Rashod Bateman made the wise business decision by opting out of the 2020 college season in order to prepare for the 2021 draft. He was a key member of the Minnesota football resurgence in 2019, a team that won 11 games and finished ranked in the top ten. Bateman is a prototypical possession receiver who seems to make at least one big play a game that helps his team win. To keep it simple, he’s a football player and does all the little things well. Could he have used one more season? Of course, but with all that’s going on this was the best decision for his future. I would say he’s more than likely a late first-round pick, but a good combine would shoot him up the board.
Run after catch
While he’ll never be mistaken for an Olympic sprinter, Rashod Bateman is dynamic after the catch. He’s tough to bring down due to his toughness as a ball carrier and his resiliency. When I say he’s a football player, it shows up when the ball is in his hands. There are many times where he should have been tackled, but refuses to go down. He also has a high football IQ and sees the field well, which makes up for his lack of speed. I made this comparison on our Twitter, but he reminds me a lot of JuJu Smith-Schuster after the catch. Neither are dynamic athletes but are true football players who make things happen with the ball in their hands.
Fearless and Smart
Rashod Bateman will make a killing at the next level over the middle, which isn’t a place on the field where many receivers want to be. In the middle of the field is where most of the heavy hitters on defense are and there are going to be many times where you have to prepare to take a big hit. Bateman caught many of his passes on slants and dig routes (which we’ll cover later) and he never shows any hesitation or have what some call “alligator arms”. In addition to his toughness, Bateman is a smart player. Since he runs so many routes over the middle, when he notices things breaking down for his quarterback, he’ll make himself more easily available. I see a lot of receivers, at all levels, stick to their route and not come back to the quarterback. This rarely happened with Bateman, as he has his eyes on the quarterback and will go get the ball no matter the cost.

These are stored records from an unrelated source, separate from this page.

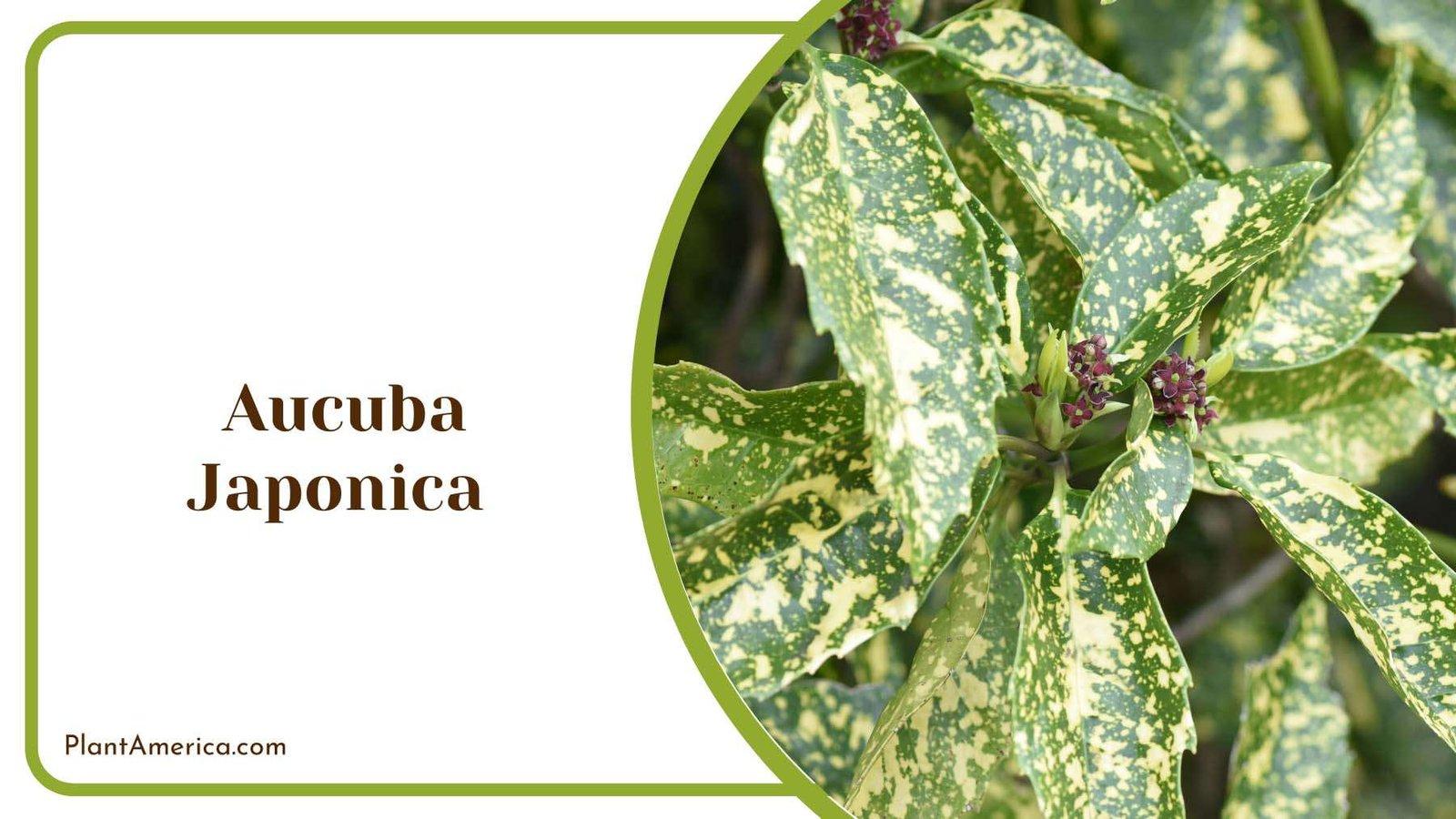 Vibrant Aucuba Japonica Plant America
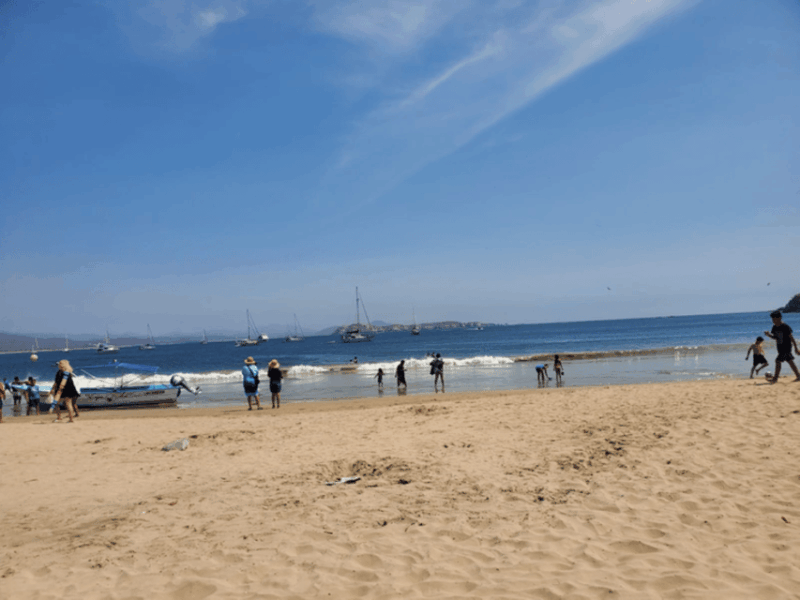 Puerto Vallarta: Beach Tour Experience - Agave Cultivation Process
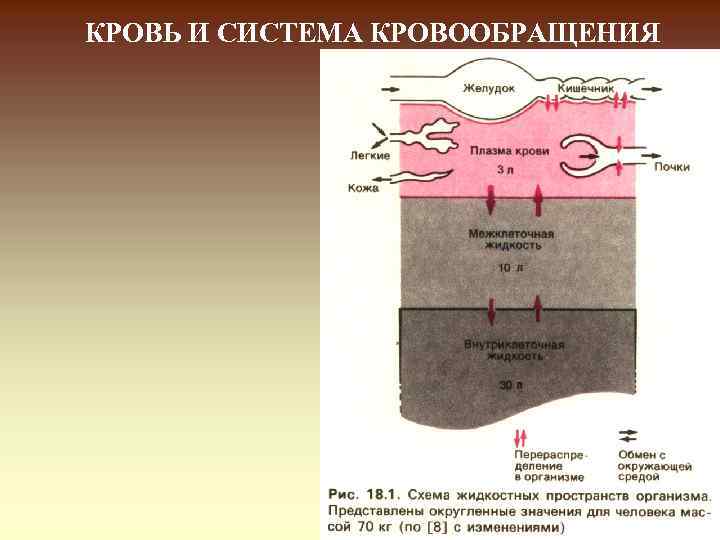 КРОВЬ И СИСТЕМА КРОВООБРАЩЕНИЯ 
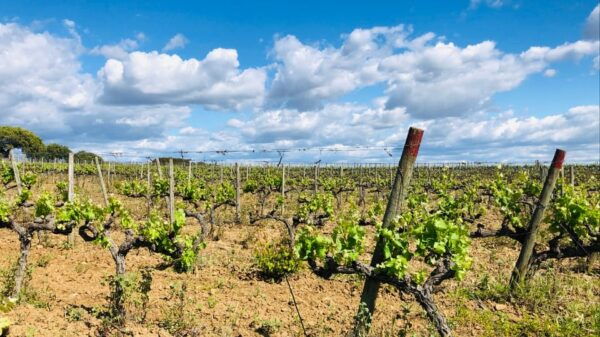 Land Rover Cork Safari Experience Pack - Local Products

Like I mentioned earlier, Rashod Bateman runs a lot of routes over the middle and runs them very well. He’s great at fighting off press coverage and uses his body to his advantage to get inside and open. Once he’s established himself on those routes, he’ll run a double move and get open deep. At the next level, he’ll be a great possession receiver who will be a quarterback’s best friend on third down since he can get open on intermediate passing situations. Even though he’s opting out of this season, he’s a relatively pro-ready route runner who will be able to step in and produce.
Pushed around on deep routes
For being so physical on short and intermediate routes, Rashod Bateman struggles to get separation on deep routes, more specifically go routes. A go route, or a fly route, is essentially just the receiver going straight down the field. On this route, you want to gain separation from the corner, while also giving your quarterback a spot to throw you the ball. So, it’s imperative to not let the corner push you towards the sideline too much because then there’s a tiny window to fit a long pass into.

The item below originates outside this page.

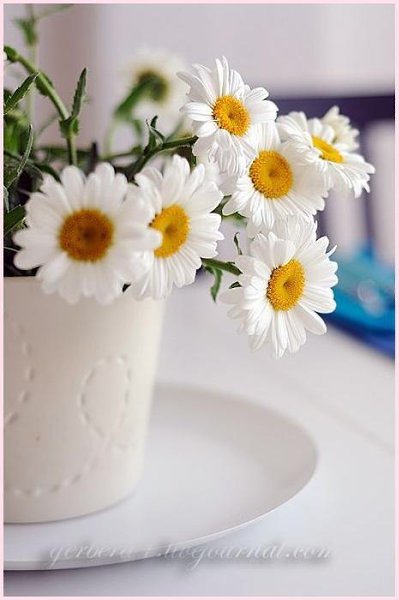 Handmade Club | ���� ��������.���y� - 2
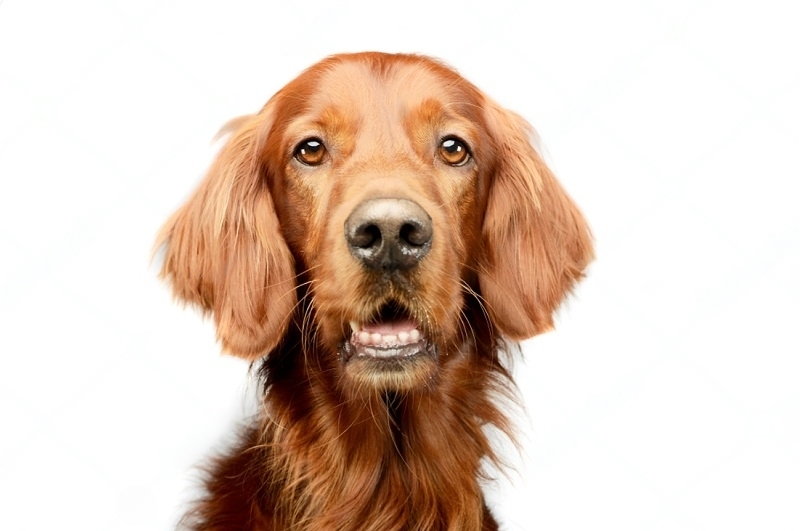 Featured image for an article about German Shepherd Irish Setter Mix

Bateman several times couldn’t gain that separation going deep unless it came from a double move or a lapse in coverage. This is a speed and agility issue that needs to be worked on over the next several months of draft preparation. There were times where he had a lot of green grass in front of him and was tracked down by defensive backs and that’s due to his lack of breakaway speed. He has several months to work on his 40 yard dash time, so this issue can be hopefully taken care of.
I don’t think Bateman will ever become a superstar, but I see him being a good player for a long time. He’s a guy that doesn’t rely on his athleticism to do well, which bodes well for his longevity. I would almost be surprised if he didn’t have multiple 1,000 receiving yard seasons when it’s all said and done as long as he’s with the right quarterback. He’s more than likely never going to beat you deep but will kill you in a west coast system or one that relies on a short and quick passing game. Like I said earlier, I think he’ll still be selected towards the end of the first round with teams like the Saints or the Ravens being great fits.